Meno male che c’è Sant’Indifferenziato. Secondo le varie “istruzioni per l’uso” distribuite dai Comuni non è ben chiaro cosa sia l’indifferenziato, se non la categoria residuale dopo aver escusso quella della carta, della plastica/metallo, dell’organico/compostabile e della carta. Ma cosa sia in concreto nessuno lo sa: oggetti i cui componenti di plastica e metallo non siano separabili? Oggetti i cui produttori non si siano “aggiustati” con il Consorzio? Molto pragmaticamente, gli utenti intendono che “indifferenziato” siano tutti i rifiuti non differenziati, ossia tutto insieme (grande valvola di sfogo).

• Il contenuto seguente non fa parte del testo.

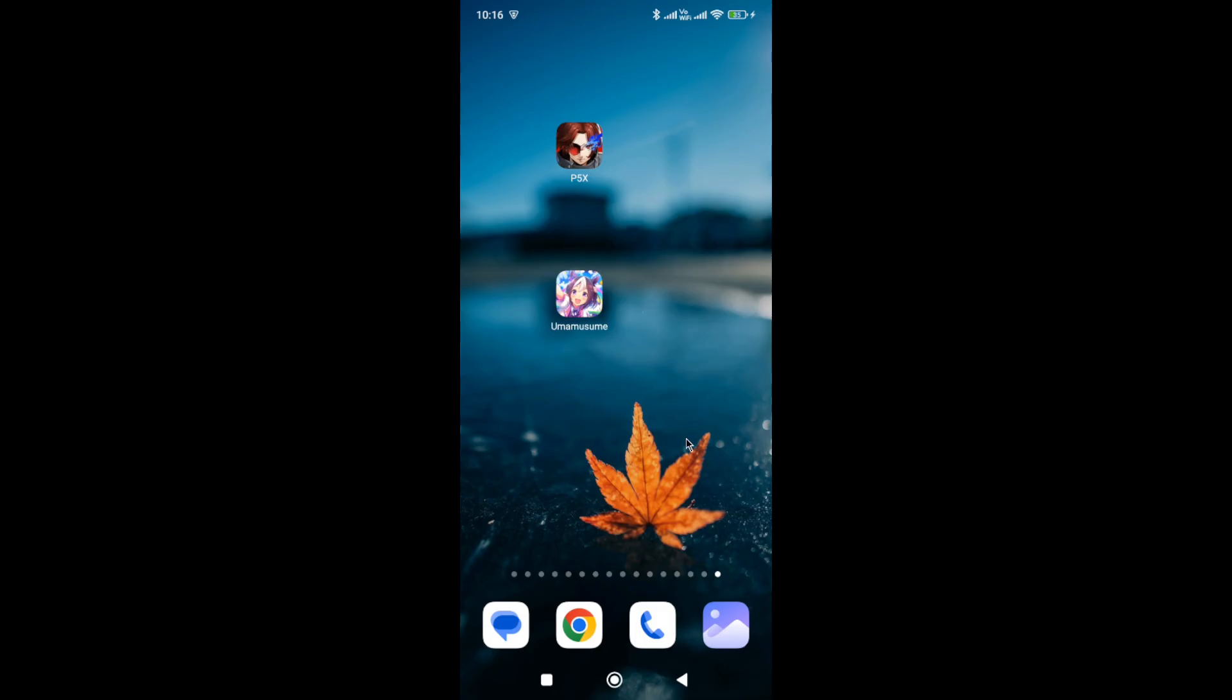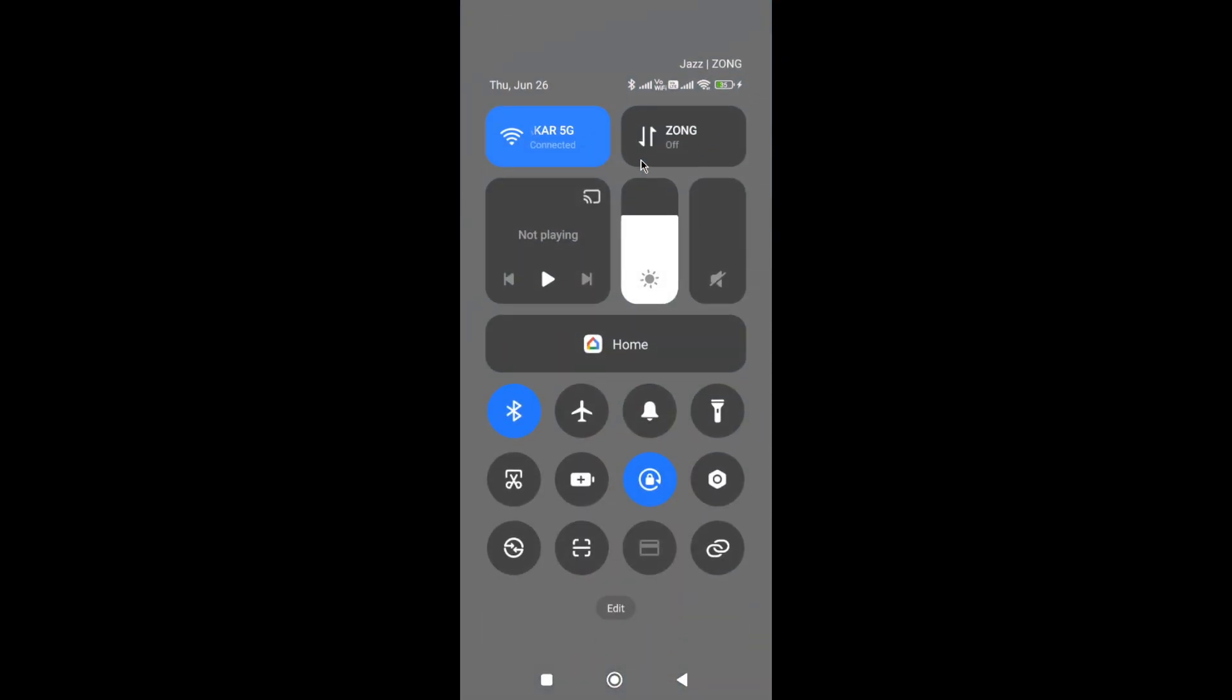Also, if nothing works for you, then switch your network connection. So for example, if you are connected with Wi-Fi, switch to mobile data, or if you are connected with mobile data, simply switch to Wi-Fi and then try again.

Come si è visto non è un problema di semplice risoluzione, anzi, più si va avanti al grido “salviamo il pianeta” più il problema dei rifiuti si aggrava, con la risalita esponenziale della TARI e la sporcizia che regna per le strade.

Ma non c’è un altro modo? Una differenziazione a valle, per esempio? Una norma che intervenga sul Packaging, imponendo che esso non contenga plastica o altre sostanze inquinanti, che siano vietate le “bolle di plastica” usate per contenere le pennette USB in bella mostra sugli scaffali dei negozi?

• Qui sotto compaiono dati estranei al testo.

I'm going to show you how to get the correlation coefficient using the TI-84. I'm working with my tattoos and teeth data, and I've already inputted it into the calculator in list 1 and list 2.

Mi ricordo che, quando ero bambino, e in casa eravamo in cinque, non si riempiva più di un secchio al giorno con tutti i rifiuti. Mi ricordo che il latte era venduto in bottiglie di vetro con il “vuoto a rendere”, ossia dovevi riportare le bottiglie vuote se non volevi pagare il costo della bottiglia. Stesso discorso per l’acqua minerale, comunque appannaggio di pochi: si beveva l’acqua del rubinetto; le bottiglie di plastica semplicemente NON esistevano.

Le persone diversamente giovani ricorderanno che quello che ora fanno negozi “ecologici” era la normalità cinquanta anni fa: la pasta, i fagioli, praticamente ogni cosa, erano venduti a peso o a quantità, senza il rutilante packaging odierno. Meno contenitori meno rifiuti.

Lascio a voi queste note. Sarei felice di conoscere cosa ne pensiate.